Source data

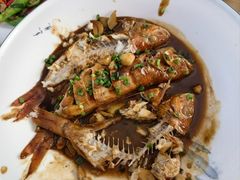 -启东小海鲜(庄先湾路1号店)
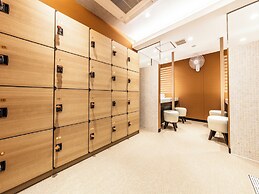 Apa Hotel Higashi Shinjuku Kabukicho Tower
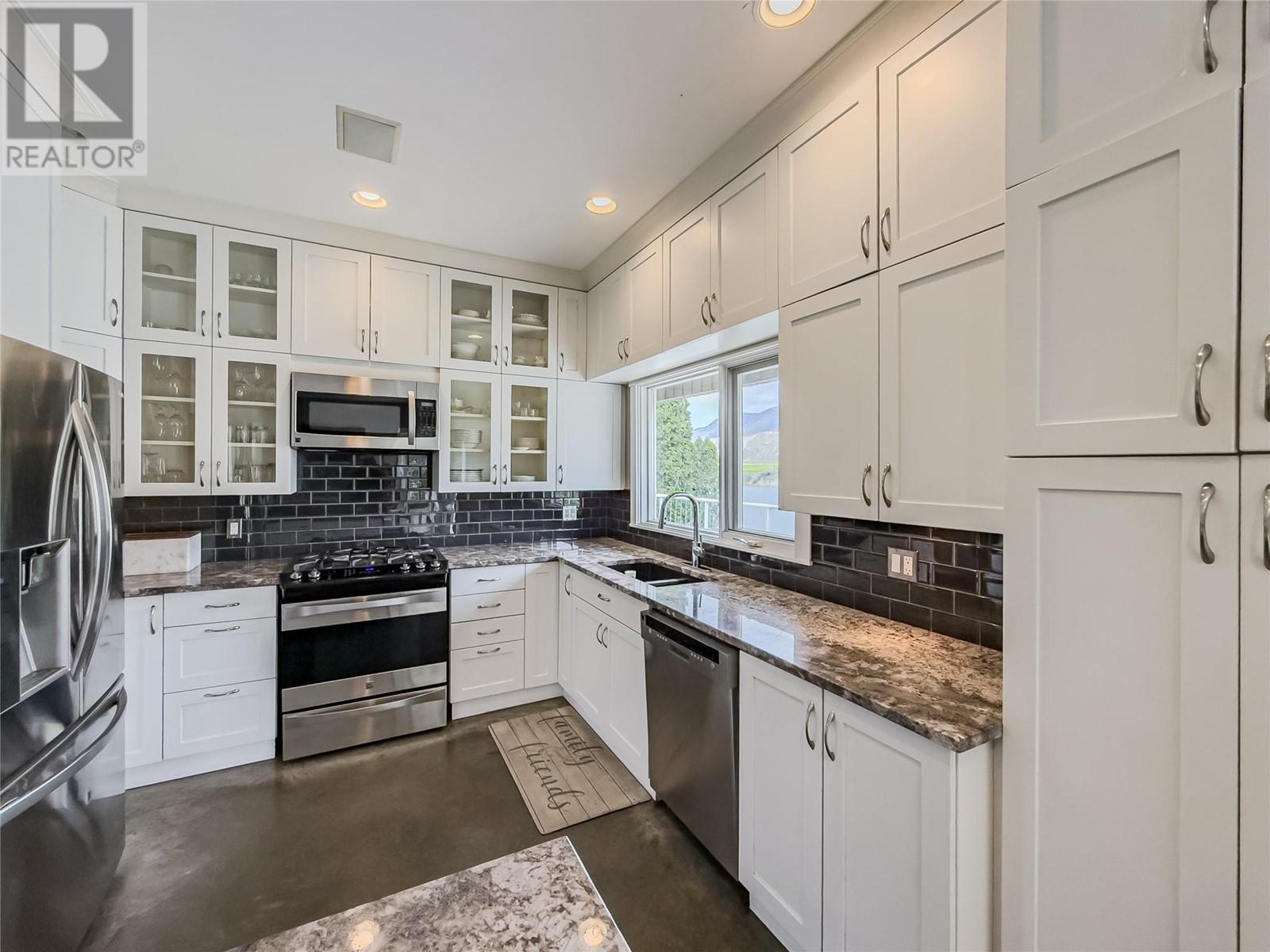 Property at 5050 KIPP Road image 1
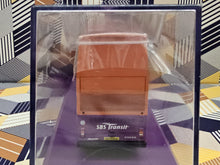 Load image into Gallery viewer, SBS Volvo Olympian 12m Super Bus SBS9388Z Route: 88
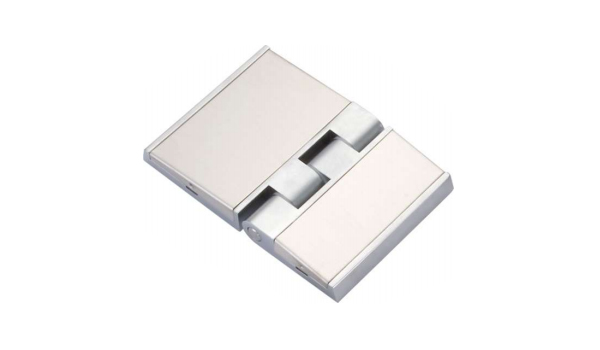 hinge latch hardware,  
door hinge hardware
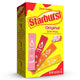 Starburst VP-20ct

How to complete this task
Quote every record above exactly, leaving out the pictures.

Response for this exercise
 -启东小海鲜(庄先湾路1号店)
 Apa Hotel Higashi Shinjuku Kabukicho Tower
 Property at 5050 KIPP Road image 1
 Load image into Gallery viewer, SBS Volvo Olympian 12m Super Bus SBS9388Z Route: 88
 hinge latch hardware,  
door hinge hardware
 Starburst VP-20ct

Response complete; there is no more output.